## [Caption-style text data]

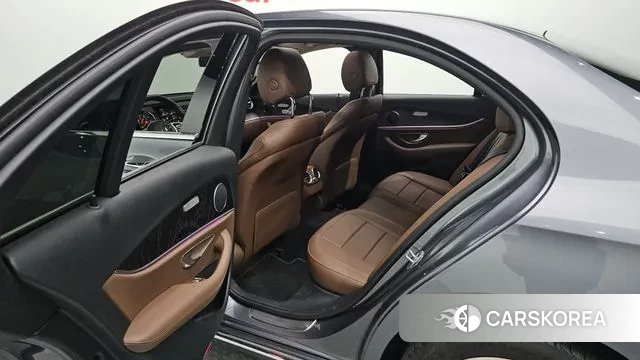 Mercedes-Benz E-Class W213 2018 Серый из Кореи, фото 3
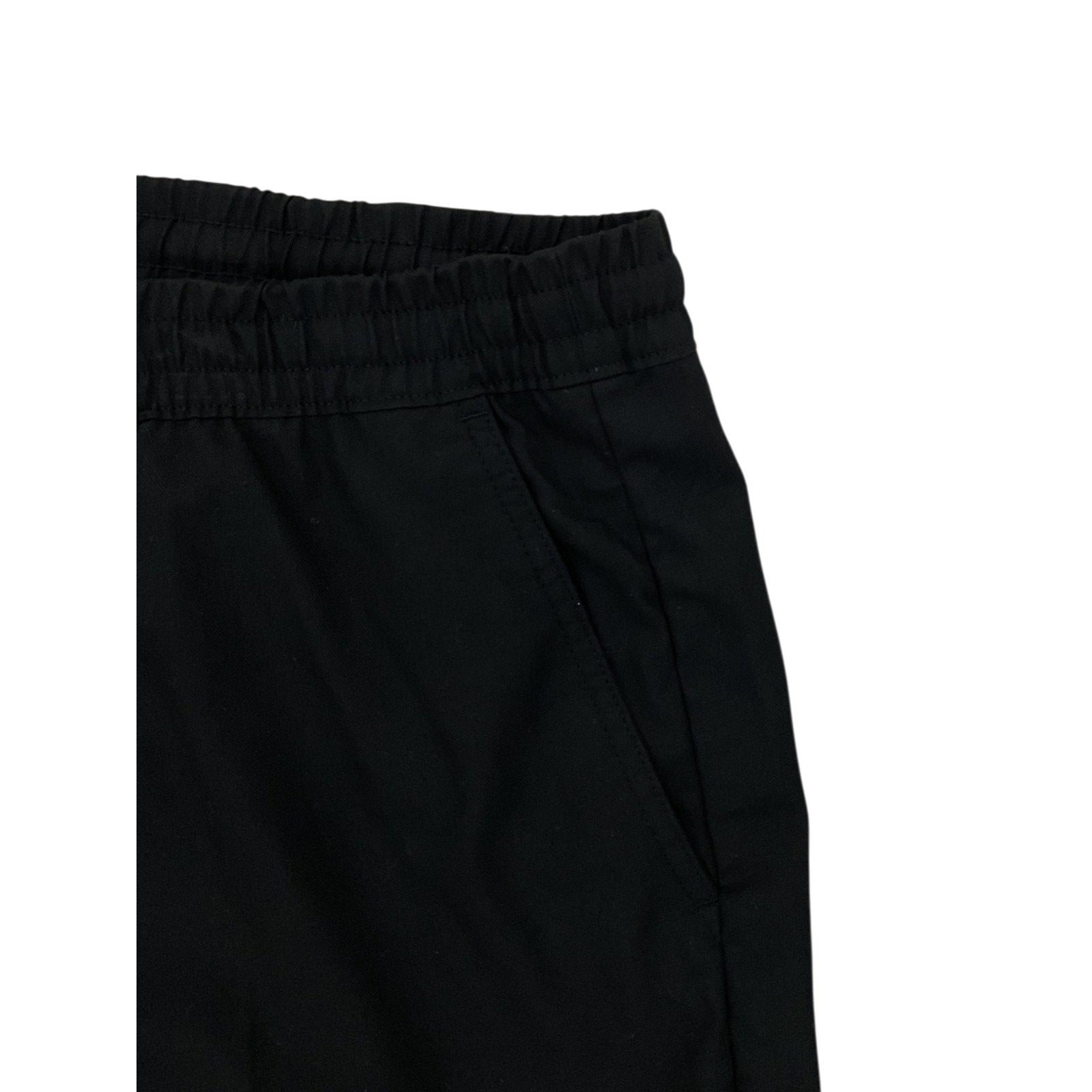 Short L (Abercrombie & Fitch)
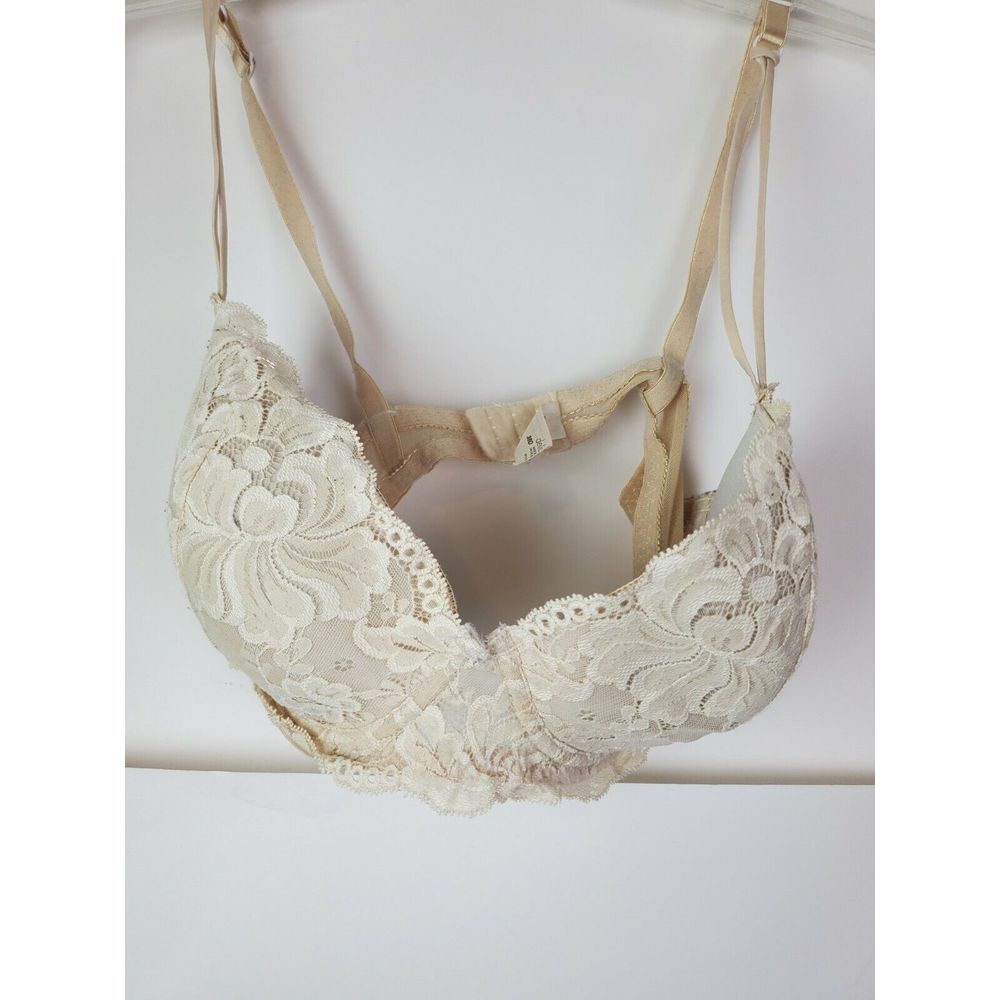 Delicates Women's 38D Nude Beige Lace Underwire Bra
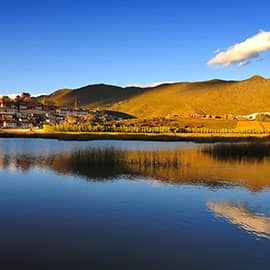 香格里拉素有“高山大花园”、“动植物王国”、“有色金属王国”的美称。从大理沿滇藏公路北行315公里，可达迪庆藏族自治州首府香格里拉县城中心镇，距昆明659公里，乘飞机50分钟可达。香格里拉共有著名旅游景点24个，是一个自然景观、人文景观的富集区域，是国家八大黄金旅游热线之一。香格里拉地处青藏高原东南边缘、横断山脉南段北端，“三江并流”之腹地，形成独特的融雪山、峡谷、草原、高山湖泊、原始森林和民族风情为一体的景观。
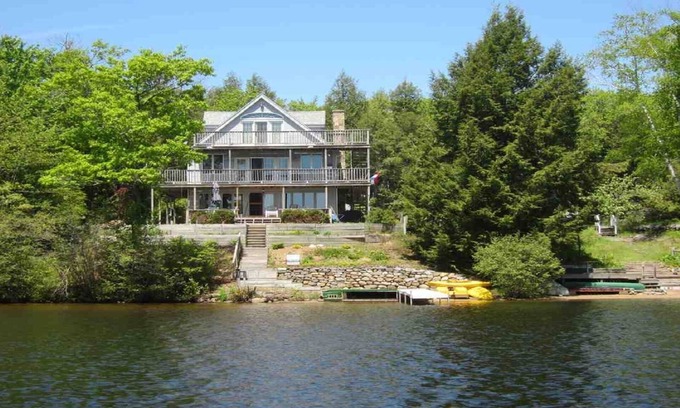 Rindge House | Secluded Vacation Home with direct lake frontage on Contoocook Lake in NH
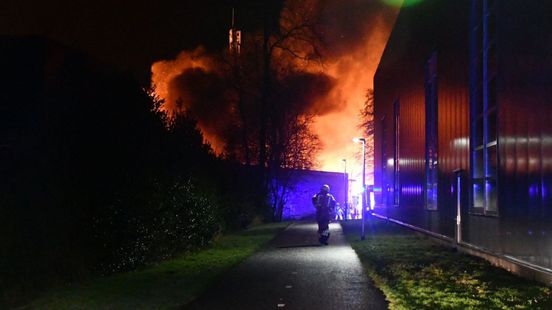 112 Nieuws: Dode bij ongeluk Enschede | Uitslaande brand Vroomshoop.
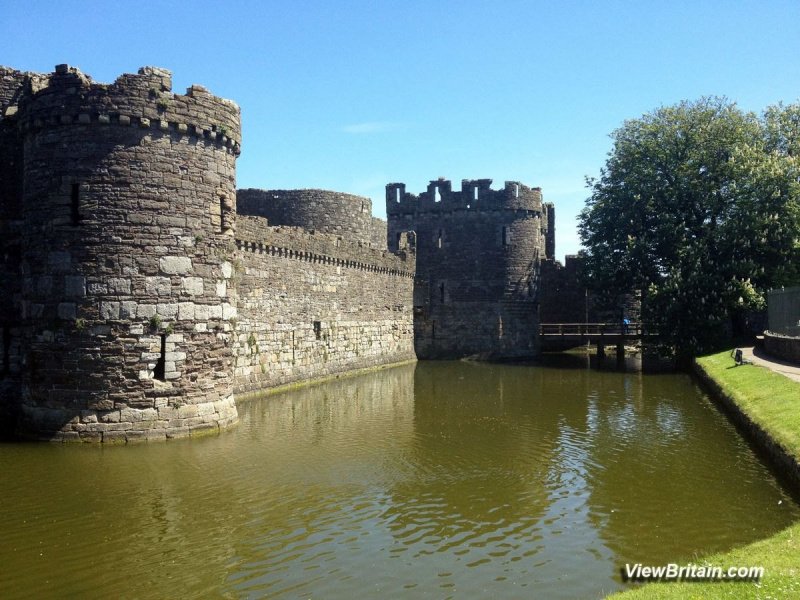 Beaumaris-Castle-Outside-Moat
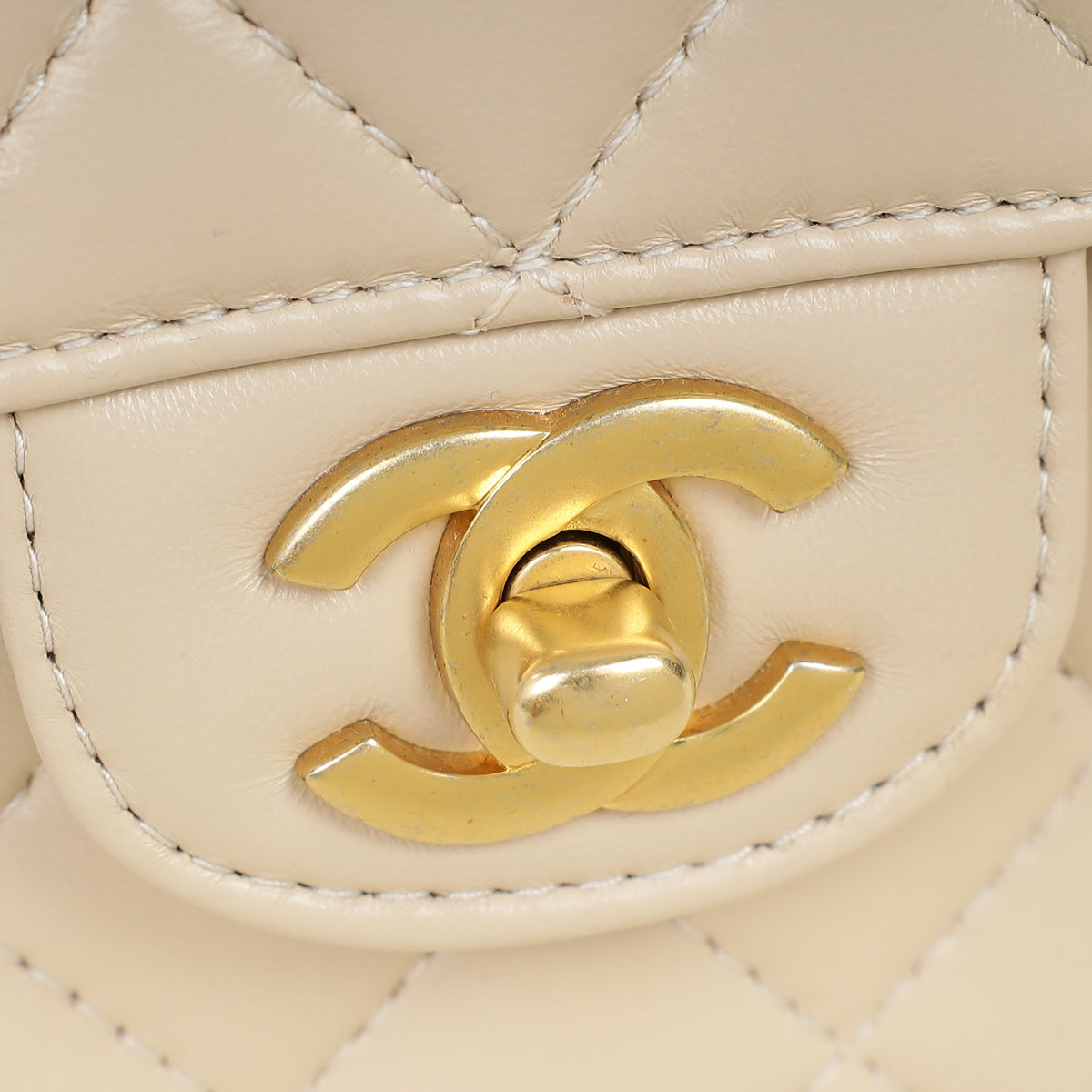 Chanel Beige Top Handle Small Flap Bag – THE CLOSET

## [WORK TASK]
Copy exactly, with no pictures, the lines from the line containing "Rindge House |" through the last line of the records above.

## [SOLUTION]
 Rindge House | Secluded Vacation Home with direct lake frontage on Contoocook Lake in NH
 112 Nieuws: Dode bij ongeluk Enschede | Uitslaande brand Vroomshoop.
 Beaumaris-Castle-Outside-Moat
 Chanel Beige Top Handle Small Flap Bag – THE CLOSET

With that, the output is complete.